Once you’ve added one or two nodes to the particular service that you’ve determined to be the one suffering under the load, repeat the load scale-up process until you again find the load that degrades the performance. Did adding the node make any difference? If not, then you may have identified the wrong service to scale. If it made a difference, and your cluster can handle a higher load, then you’ve got a couple more milepost markers for scaling.
Again, you repeat the same analysis as before to determine which service to scale this time. Maybe it’ll be the same as before, maybe it’ll be a different service. The key is to make sure that each time you add nodes to your cluster to handle an increased load, be certain you are adding them to the service that needs to be scaled.
Note: If the service that is being scaled is the index service, remember that adding a node and running a rebalance does not make all the needed configuration changes. To move indexes from one node to another during a rebalance, the node the indexes are on before the rebalance needs to be marked for deletion. Otherwise the indexes will not move. If you want to just add one or two more nodes to a running cluster using Kubernetes, you may need to manually move individual indexes from the existing nodes over to the new node to spread the load.

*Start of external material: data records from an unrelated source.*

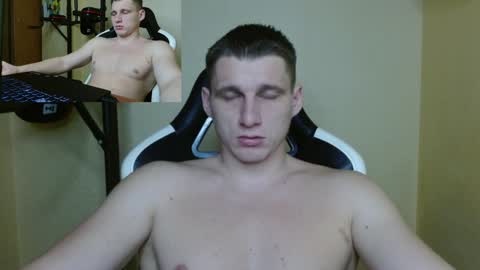 Snapshot of poliglotjoe chatting on December 30, 1:04 am Poliglot online show from December 30, 1:04 am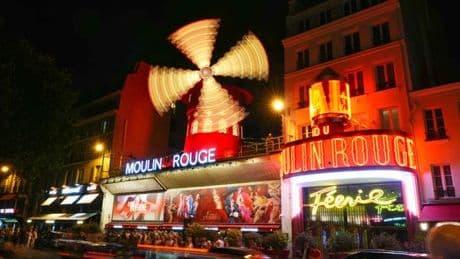 Les ailes du Moulin-Rouge tournent à nouveau, quatorze mois après leur chute accidentelle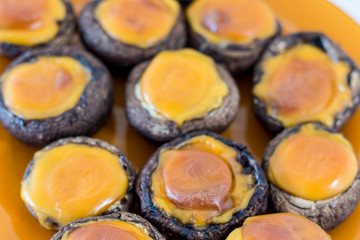 Mushrooms with cheddar cheese 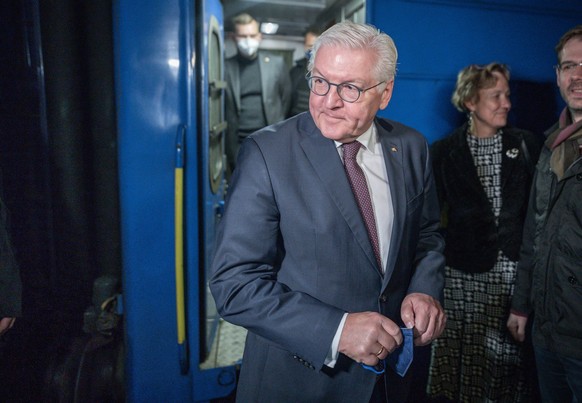 25.10.2022, Ukraine, Kiew: Bundespräsident Frank-Walter Steinmeier kommt mit dem Zug von Przemysl in Kiew an. Steinmeier hält sich zu einem eintägigen Besuch in der Ukraine auf und will sich vor Ort e ...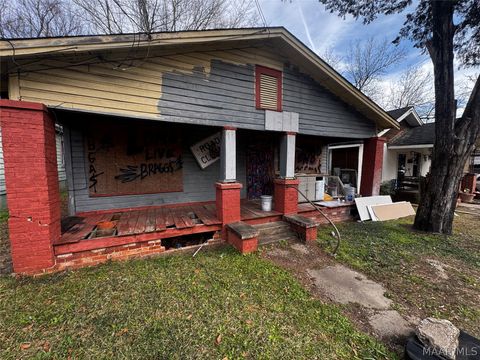 Photo of 1117 CONGRESS Street, Montgomery, AL 36108 (MLS # 583488)
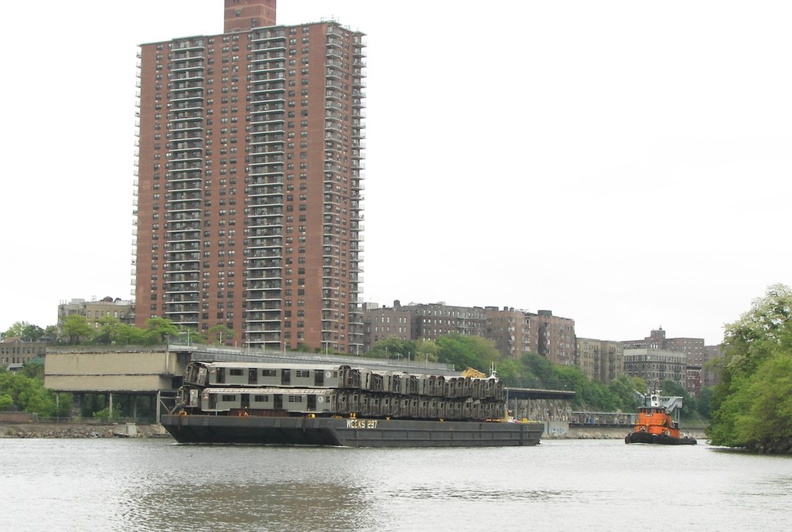 Barge of Death - Weeks 297 @ Spuyten Duyvil. Photo taken by David-Paul Gerber. - Barge of Death - Weeks 297 @ Spuyten Duyvil. Photo taken by David-Paul Gerber. 103_2526a.jpg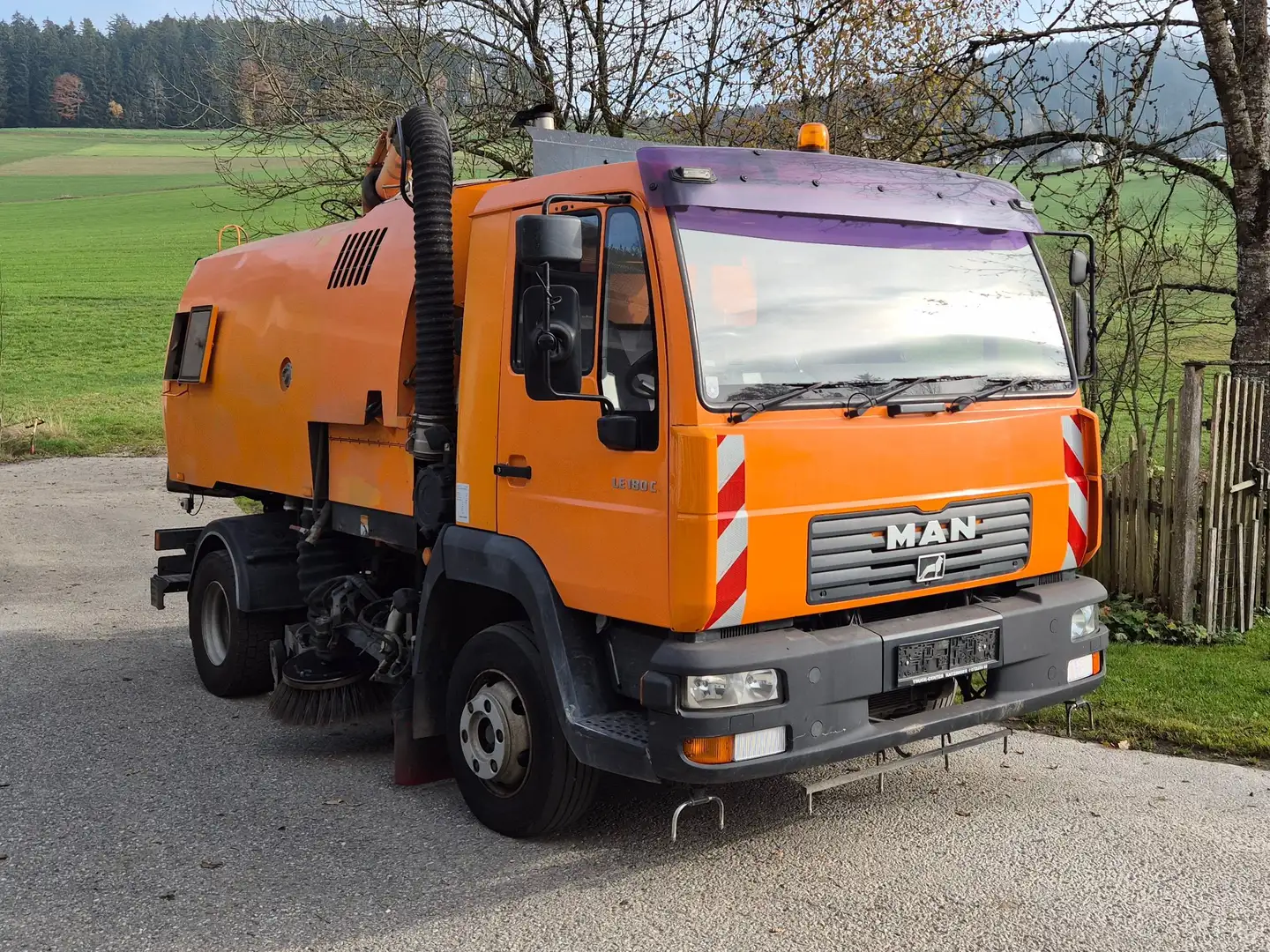 MAN L 2000 Kehrmaschine mit Johnston Aufbau Оранжевий - 1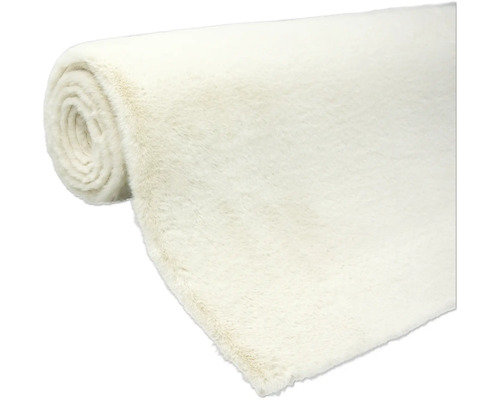 Gerollter Teppich aus Kunstfell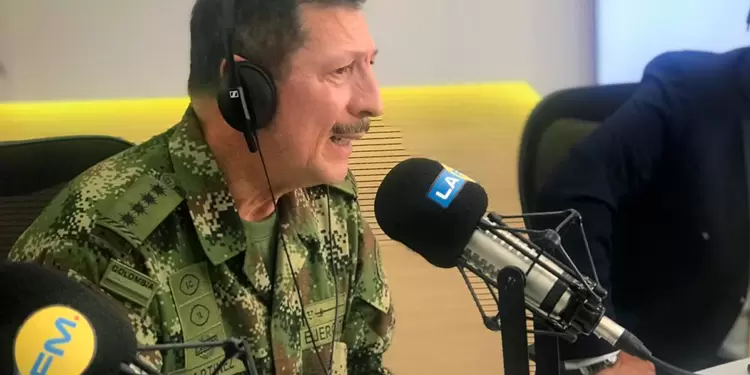 El general Nicacio Martínez, comandante del Ejército, en la mesa de trabajo de LA FM, en Bogotá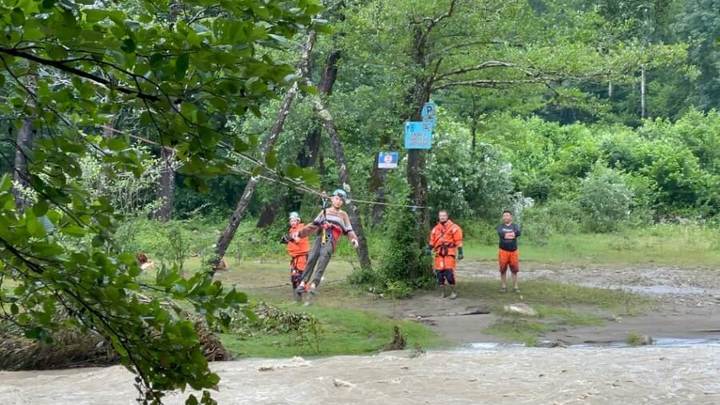 В Сочи смыло мост в районе базы отдыха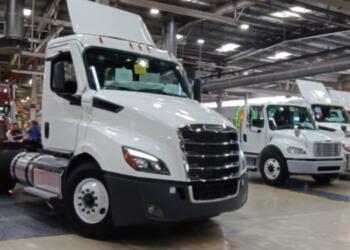 Trump lowers tariffs on steel and aluminum for heavy vehicles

Test Operations While Under Load
Knowing what load degrades the performance of your cluster configuration isn’t enough information for planning the start of scaling. You also need to know when best to change your cluster configuration. Scaling your Couchbase cluster isn’t just a matter of adding a node and turning it on. The cluster will require that a rebalance be run before the new node will start taking any load as part of the cluster. How is the rebalance going to affect your SLAs? What load can you continue to run simultaneously with a rebalance and continue to meet your SLAs?
The only way you will answer these questions is by taking the same approach, starting with a very light load and gradually increasing the load simultaneously with a node-adding rebalance running. Once you have identified an acceptable load to have while running a rebalance, you can look at your usage patterns to identify a day and time when it is preferable to run any configuration changing rebalances.
Identify Multiple Growth Target Configurations
Once you have your various metrics of load capacity, both with and without operational processes, you can build your plan for anticipating and adapting for growth. Your plan should include milepost triggers for identifying when to scale your cluster, how to scale it, and when to schedule the scaling.
The resulting growth plan should specify some metric that will act as a trigger for each scale-up event, and what should be done as part of the scale-up (e.g. add 1 K/V node, 2 query nodes). When these milepost triggers are reached in your production environment, schedule the appropriate changes to your cluster, implementing them at the earliest appropriate window (low-load time). If your cluster load is seasonal, these scale ups and downs can and should be planned well ahead of time.
If the changes in load are not seasonal, but result from organic growth, your milepost map should include additional markers at around the 80% mark of the next cluster-change milepost. These 80% markers should be considered as “get ready” mileposts, alerting your team that the load on your cluster is growing and you need to be planning on scaling your cluster soon, making the necessary preparatory arrangements.